▶ [Activity] For each line in the data that includes "Parking", make a copy.

Segment Open

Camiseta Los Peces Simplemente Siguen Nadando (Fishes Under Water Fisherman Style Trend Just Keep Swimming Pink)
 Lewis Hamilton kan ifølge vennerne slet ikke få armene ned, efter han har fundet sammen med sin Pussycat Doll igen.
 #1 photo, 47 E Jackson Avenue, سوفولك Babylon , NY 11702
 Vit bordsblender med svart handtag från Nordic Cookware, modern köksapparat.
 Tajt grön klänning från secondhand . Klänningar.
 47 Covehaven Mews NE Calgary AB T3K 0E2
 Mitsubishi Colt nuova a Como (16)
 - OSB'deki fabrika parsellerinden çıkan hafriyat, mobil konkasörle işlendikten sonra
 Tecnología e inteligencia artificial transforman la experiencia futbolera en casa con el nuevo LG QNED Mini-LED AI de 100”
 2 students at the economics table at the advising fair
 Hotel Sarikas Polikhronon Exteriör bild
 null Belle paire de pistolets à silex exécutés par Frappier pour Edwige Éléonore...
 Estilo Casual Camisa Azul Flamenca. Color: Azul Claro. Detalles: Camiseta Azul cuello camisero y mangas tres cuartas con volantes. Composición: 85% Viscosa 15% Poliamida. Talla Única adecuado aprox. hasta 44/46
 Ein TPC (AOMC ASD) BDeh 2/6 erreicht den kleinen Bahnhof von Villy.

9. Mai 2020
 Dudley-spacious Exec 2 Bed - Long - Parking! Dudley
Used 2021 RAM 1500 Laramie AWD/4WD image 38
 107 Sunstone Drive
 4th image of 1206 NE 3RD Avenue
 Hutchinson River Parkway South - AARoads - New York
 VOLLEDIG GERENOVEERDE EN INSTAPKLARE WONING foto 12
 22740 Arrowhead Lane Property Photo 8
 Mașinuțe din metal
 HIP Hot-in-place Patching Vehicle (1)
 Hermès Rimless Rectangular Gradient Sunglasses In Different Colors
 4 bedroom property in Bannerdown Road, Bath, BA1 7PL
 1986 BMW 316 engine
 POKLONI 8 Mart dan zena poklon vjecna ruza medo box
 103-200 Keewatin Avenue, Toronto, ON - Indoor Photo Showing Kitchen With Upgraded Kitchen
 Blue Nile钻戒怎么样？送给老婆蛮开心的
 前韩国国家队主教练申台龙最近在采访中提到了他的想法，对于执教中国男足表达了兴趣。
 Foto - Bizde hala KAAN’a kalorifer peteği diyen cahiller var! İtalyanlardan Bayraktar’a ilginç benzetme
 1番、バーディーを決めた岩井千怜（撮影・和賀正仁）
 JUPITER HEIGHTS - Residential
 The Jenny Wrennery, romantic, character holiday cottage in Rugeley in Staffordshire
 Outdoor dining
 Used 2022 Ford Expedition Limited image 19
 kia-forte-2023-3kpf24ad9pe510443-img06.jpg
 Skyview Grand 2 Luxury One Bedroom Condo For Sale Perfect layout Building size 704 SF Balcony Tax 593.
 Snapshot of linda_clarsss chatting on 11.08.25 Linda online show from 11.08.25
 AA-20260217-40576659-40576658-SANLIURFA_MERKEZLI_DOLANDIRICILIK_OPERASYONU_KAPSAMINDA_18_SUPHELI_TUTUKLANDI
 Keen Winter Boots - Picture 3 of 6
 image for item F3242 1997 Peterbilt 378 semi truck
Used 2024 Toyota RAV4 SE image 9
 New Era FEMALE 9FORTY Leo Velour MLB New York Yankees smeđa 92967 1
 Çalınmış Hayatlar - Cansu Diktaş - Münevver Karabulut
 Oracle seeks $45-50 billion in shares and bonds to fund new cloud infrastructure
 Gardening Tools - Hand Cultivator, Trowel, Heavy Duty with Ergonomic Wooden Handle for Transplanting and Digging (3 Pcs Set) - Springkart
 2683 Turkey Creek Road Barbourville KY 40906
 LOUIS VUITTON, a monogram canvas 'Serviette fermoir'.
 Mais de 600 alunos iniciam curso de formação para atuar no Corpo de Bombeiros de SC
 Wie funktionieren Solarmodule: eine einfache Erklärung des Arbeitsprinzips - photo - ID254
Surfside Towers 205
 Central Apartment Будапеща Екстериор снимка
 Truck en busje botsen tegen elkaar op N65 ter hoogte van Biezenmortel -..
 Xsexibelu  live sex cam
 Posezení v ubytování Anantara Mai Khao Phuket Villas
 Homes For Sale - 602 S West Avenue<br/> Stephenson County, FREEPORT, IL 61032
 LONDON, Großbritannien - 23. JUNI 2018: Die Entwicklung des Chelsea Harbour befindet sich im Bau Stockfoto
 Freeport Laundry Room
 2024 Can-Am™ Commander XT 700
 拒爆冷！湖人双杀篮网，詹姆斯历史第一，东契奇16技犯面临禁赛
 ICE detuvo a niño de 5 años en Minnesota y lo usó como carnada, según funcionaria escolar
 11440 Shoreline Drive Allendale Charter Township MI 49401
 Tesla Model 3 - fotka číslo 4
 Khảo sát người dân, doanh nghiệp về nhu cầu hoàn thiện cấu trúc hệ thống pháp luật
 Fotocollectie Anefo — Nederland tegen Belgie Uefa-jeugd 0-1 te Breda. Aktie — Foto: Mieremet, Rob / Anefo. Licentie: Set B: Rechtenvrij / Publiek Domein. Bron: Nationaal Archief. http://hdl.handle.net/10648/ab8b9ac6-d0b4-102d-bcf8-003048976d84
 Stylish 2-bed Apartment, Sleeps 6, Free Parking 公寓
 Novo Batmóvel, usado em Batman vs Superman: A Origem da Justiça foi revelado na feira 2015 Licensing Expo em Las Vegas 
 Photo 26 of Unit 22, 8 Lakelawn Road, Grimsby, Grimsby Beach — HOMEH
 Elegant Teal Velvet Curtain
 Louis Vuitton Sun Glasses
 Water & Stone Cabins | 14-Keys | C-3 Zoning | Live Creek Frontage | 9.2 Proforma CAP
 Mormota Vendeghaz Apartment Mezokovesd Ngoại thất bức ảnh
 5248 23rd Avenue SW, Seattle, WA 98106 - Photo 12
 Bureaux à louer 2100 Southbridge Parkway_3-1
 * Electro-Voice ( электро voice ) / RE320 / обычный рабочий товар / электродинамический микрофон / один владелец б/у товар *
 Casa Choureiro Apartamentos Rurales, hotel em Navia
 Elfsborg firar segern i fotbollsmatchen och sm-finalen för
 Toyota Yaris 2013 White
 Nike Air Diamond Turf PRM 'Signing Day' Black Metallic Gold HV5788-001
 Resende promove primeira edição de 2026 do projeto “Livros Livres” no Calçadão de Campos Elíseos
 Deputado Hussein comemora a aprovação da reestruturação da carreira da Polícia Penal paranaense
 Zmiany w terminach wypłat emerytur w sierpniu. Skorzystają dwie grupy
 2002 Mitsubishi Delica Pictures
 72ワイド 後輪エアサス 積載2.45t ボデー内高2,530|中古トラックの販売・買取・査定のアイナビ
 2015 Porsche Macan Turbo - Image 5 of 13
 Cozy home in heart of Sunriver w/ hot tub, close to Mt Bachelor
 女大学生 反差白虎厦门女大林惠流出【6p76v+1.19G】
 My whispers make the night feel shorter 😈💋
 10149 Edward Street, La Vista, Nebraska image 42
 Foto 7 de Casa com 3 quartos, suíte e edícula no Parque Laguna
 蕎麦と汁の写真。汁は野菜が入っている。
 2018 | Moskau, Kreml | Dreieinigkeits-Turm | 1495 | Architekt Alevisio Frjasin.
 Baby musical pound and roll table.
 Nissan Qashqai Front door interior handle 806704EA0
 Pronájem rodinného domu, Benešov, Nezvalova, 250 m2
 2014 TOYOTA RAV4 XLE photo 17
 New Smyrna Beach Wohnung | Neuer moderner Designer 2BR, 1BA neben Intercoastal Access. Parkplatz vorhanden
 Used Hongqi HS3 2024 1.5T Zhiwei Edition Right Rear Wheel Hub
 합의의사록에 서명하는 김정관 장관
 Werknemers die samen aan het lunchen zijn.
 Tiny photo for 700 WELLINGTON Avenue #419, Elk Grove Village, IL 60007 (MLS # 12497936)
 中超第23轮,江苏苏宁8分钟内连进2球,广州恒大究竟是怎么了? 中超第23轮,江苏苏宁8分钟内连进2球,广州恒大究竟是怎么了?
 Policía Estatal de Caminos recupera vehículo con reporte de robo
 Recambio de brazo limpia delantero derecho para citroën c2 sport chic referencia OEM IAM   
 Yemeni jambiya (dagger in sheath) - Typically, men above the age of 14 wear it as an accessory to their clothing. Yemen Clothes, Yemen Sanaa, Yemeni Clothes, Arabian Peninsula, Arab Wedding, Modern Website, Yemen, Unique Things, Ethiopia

Segment Closed

▶ [Answer space]
 Dudley-spacious Exec 2 Bed - Long - Parking! Dudley
 Stylish 2-bed Apartment, Sleeps 6, Free Parking 公寓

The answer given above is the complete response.